Source Water Protection in A Changing Climate: Mississippi Headwaters Protection and Restoration

Christina Locke, Humphrey School of Public Affairs, University of Minnesota Twin Cities; Kristen Blann, The Nature Conservancy

The Nature Conservancy (TNC) has a priority mapping strategy for source water protection in Minnesota, but so far the strategy has been undertaken with incomplete data. The goal of this project is to integrate data produced by University of Minnesota (UMN) researchers into TNC’s source water strategy, including: 1) downscaled climate change predictions, and 2) the risk of land conversion to agricultural or developed uses. Project outputs will include updated, comprehensive maps of risks to source water across Minnesota, with a specific focus on the Mississippi Headwaters region. TNC will use these maps to adjust clean water targets for nitrates and other contaminants, and prioritize aid in highly vulnerable areas. TNC and its partners will use this data to develop strategies to protect shallow aquifers and surficial groundwater, and to understand the interrelated impacts of climate change, infrastructure, and land management on surface and groundwater quality and quantity.

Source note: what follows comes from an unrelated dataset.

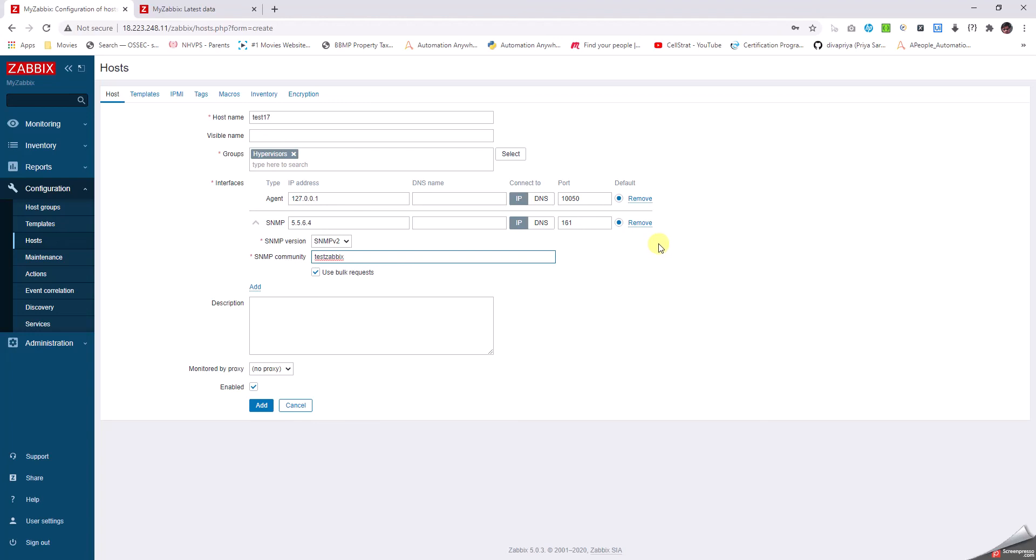SNMP monitoring is used for network devices or for servers where we do not have the option to install the agent, either because of security or some other reason.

The Mille Lacs Band of Ojibwe Working Ranch

Dave Wilsey, Humphrey School of Public Affairs, University of Minnesota Twin Cities; Jon Houle, Department of Natural Resources, Mille Lacs Band of Ojibwe; Molly Zins, Central Regional Sustainable Development Partnership, University of Minnesota Extension

The Mille Lacs Band of Ojibwe (MLBO) owns an abandoned, 600-acre property that was once a thriving livestock ranch with a 1-plus mile long airstrip, a farmhouse, barns and buildings, pastures, a silo and several outbuildings. This project envisions the MLBO Ranch project as a restored and working agricultural ecosystem at the center of the state-of-the-art, nationally recognized Native American Agriculture Learning and Rehabilitation Center. The Working Ranch will feature a combination of traditional and modern farming and land management practices, generating ecosystem products and services as well as unique experiences for students and organizations. The Learning Center will have classrooms, demonstration halls, laboratories, commercial grade kitchens, office space, and include therapist and consultant rooms. Finally, The Ranch Reentry and Recovery Program (RRRP) will offer a unique pathway for clients to transition from prison or in-patient treatment programs into the community, while learning new skills to promote individual and community healing.